What is a Candlestick?
Let us quickly understand what a candlestick is before getting into in-depth discussions about it. To the majority of the public candlestick is a pattern. Technically, yes, it is a pattern, but the pattern has a story within it. Understanding the story makes the pattern more valuable. In other words, it is a receipt of what happened in the market. Analyzing the history, the future can be predicted. Well, so this is a candlestick and its use.

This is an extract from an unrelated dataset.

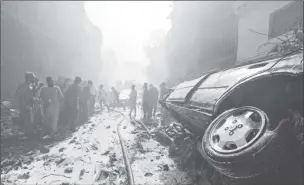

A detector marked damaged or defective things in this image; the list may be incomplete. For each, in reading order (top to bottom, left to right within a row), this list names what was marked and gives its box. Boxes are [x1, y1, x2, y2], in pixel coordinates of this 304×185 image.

overturned vehicle [160, 51, 302, 185]
destroyed car [160, 52, 302, 185]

There are a countless number of candlestick patterns out there on the internet and the books. However, there is a misconception in the industry. People think that if they study all the patterns on candlesticks, they can sustain in this industry. Unfortunately, this is not how it works. The only way to trade candlestick patterns is to understand what it actually means. Forget the terminology and focus on the “why.” The candlestick patterns seem to work exceptionally well sometimes, and miserably fail most of the time. Therefore, knowing when it works and when it doesn’t, work is important. So, let us go ahead and answer the above question.
The Best Candlestick pattern for a Price Action Trader
The most liked candlestick pattern for a Price Action trader is the so-called exhaustion candle. It is also referred to as a hammer, inverted hammer, etc. However, as mentioned above, forget the terminology and focus on what it means to you. Going forward, we will discuss on how to read this candlestick pattern and trade using it.
How does exhaustion candle look like and how to interpret it?
Below is the representation of an exhaustion candle
It is taught everywhere that, when an exhaustion candle occurs with a wick on the bottom, the market will head north. And, if the wick appears on the top, the market will head south. Well, the reason for it is not taught.
Consider the below example.
The above image represents an exhaustion candle and its corresponding line representation. Focusing on the line representation, the price opens at the point marked O and then it drops below and jumps right back up. The price does not even hold at the Support and Resistance (Blue line), signifying that the buyers are quite strong and the sellers do not seem to be interested in selling. Hence, indicating a buy signal.
Similarly, in the image above, the price opens at “O,” goes up and gets smacked back down. Also, the price does not hold at the S&R line (Blue line), which implies that the sellers are strong and not letting the buyers hold at S&R. There are several ways of interpreting it; however, having knowledge of one way of interpretation is sufficient.
How to trade using the exhaustion candle?
Knowing what it means is insufficient to take trading decisions. Having an understanding of the context plays an important role as well. The story before an exhaustion candle appears is very crucial. This is the key which tells when an exhaustion candle will work and when it will not.
Consider the following examples:
Assume that the market is in an uptrend, as shown in the above figure. Starting from the bottom, the price went up, retraced quite a bit. It went up again and retraced the same as the previous retracement. And, finally, it blasted to the upside. From this, we infer that the buyers are powerful. In the middle of the up move, an exhaustion candle pops up at the circle marked. Now, according to the textbooks, it must be a sell. Well, why does not the sell work? Here is where the context comes into play. The story before the candle appeared clearly says that the buyers are in complete control of the market, and one exhaustion candle is totally insignificant to these strong buyers.
In this example, the market is in an uptrend. However, there is a problem with this uptrend. Observe that this uptrend is not as strong as the previous example uptrend. For every higher high it makes, it is retracing quite a lot (about 50-60%). Also, the higher highs are weakening every step of the way. And then finally it retraces more than 100%. Now, let us examine what this 100% retracement (the circle area) may look in the form of a candle. As represented in the figure, it is an exhaustion candle. The story now signifies that the buyers are fading away and the sellers are picking up pace. Therefore, the exhaustion candle now holds much value.
There two most important factors to be noted for trading an exhaustion candle are:
1. The location where it appears
2. The strength of the market before the exhaustion candle shows up
These two are the criteria that help in determining if an exhaustion candle will work or not.
The Complete trade explained
In the above figure, the market is in an uptrend where the purple line is the Support and Resistance line. We now wait for a pullback to happen so that we can buy it. Let us read the pullback. In the pullback, we observe five red candles with one green exhaustion candle. In the five red candles, the first one did not do much while the second one was big. The third candle was smaller than the second one, and the fourth candle was again much smaller than the third one. Here, we infer that the sellers are slowly slowing down. The fifth candle comes up with wicks on both sides. This means that the buyers came back, but the sellers did not quite yet. Lastly, an exhaustion candle comes up. Let us verify whether both the criteria mentioned above are satisfied or not. The candle appeared at the Support (buyer’s area); hence, the first criterion is satisfied. Also, the strength of the market before the exhaustion candle appeared seems to be slowing down; therefore, the second criteria is satisfied as well. Hence, now is the time to pull the trigger for a buy. The target can be set to the recent highs, and the stop loss can be kept below the exhaustion candle.